DI CARMELA MINENNA
Si fa un gran parlare di fenomeni meteorologici estremi. Anche il patrimonio lessicale si è attrezzato per creare neologismi che di fatto rimarcano la novità e la pericolosità di talune situazioni climatiche ed ambientali, su cui si proiettano le ombre di un catastrofismo figlio di ‘tempi nuovi’.
A ben vedere, i ‘tempi’ dei fenomeni estremi non sarebbero così tanto ‘nuovi’ se già alla fine dell’Ottocento la colonnina del termometro supera a Bitonto i 40°. Il caldo soffocante infiamma – è il caso di dire – un’intera città che scende in piazza per dare voce alla disperazione e alla devozione. Questi i fatti.

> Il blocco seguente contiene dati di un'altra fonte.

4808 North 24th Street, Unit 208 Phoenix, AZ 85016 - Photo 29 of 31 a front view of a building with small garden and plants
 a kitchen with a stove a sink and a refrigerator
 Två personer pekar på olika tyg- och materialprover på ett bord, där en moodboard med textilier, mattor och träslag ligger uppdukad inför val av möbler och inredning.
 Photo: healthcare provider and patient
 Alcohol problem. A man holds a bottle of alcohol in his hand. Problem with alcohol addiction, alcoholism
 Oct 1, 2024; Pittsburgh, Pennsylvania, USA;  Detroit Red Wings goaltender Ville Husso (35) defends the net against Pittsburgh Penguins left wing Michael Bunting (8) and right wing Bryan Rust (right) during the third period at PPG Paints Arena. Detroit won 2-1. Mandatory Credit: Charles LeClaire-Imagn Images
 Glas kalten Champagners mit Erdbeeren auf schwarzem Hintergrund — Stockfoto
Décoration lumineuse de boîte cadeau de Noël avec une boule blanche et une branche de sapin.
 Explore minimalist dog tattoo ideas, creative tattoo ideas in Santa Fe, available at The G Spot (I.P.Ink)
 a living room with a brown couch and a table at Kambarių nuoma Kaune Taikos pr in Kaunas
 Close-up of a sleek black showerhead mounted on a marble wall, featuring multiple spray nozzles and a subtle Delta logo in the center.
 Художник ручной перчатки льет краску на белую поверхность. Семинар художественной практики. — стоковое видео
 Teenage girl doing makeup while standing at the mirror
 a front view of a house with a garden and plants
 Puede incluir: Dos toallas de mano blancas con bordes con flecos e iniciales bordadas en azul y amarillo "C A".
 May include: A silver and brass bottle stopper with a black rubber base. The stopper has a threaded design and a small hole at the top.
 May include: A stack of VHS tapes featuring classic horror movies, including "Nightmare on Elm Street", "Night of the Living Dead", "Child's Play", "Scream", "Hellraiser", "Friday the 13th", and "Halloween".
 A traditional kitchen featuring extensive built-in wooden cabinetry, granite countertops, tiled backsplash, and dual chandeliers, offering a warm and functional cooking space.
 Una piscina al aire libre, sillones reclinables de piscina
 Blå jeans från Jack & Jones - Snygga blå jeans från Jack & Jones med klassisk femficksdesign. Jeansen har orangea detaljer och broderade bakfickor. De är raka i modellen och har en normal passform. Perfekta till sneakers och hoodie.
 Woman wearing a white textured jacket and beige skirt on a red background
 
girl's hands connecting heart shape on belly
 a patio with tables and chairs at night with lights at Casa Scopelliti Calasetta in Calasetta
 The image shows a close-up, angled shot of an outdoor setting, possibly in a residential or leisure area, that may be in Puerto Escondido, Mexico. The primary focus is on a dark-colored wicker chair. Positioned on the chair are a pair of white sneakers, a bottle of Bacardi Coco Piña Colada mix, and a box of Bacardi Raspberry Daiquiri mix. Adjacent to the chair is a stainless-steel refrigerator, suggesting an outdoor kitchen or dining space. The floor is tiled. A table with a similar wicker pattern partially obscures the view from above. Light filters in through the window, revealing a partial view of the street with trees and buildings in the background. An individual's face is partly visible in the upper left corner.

È il 17 agosto 1887. Ore 12.00. Bitonto scende in piazza e grida il suo bisogno d’acqua. Da giorni la temperatura tocca i 42°. La situazione è insostenibile. Il popolo boccheggia. Gli ulivi hanno accartocciato le foglie. Le riserve idriche sono esaurite. Al culmine della disperazione “una turba di popolino d’ambo i sessi invase la Cattedrale” – così racconta una inedita cronaca – “ed a viva forza tolse la Immagine della Protettrice Maria SS.Immacolata e processionalmente la trasportò in piazza Plebiscito”. E non finisce qui. “La turba si recò nella chiesa di S.Teresa” con un preciso obiettivo: prelevare il Cristo Nero per esporlo alla venerazione, sulla pubblica piazza, al fianco della Patrona. E a questo punto accade l’impensabile: un assalto alle cererie, per fare incetta di candele ed illuminare la piazza con torce di penitenza e di speranza. E poi i pianti, le grida, le preghiere, perfino il vescovo e le forze dell’ordine chiamati a ricomporre la calma.
Si conclude così il ‘pomeriggio bollente’ di un torrido 1887, così lontano dall’animo ‘sopito’ dei nostri tempi, così vicino ai fenomeni estremi del nostro tempo.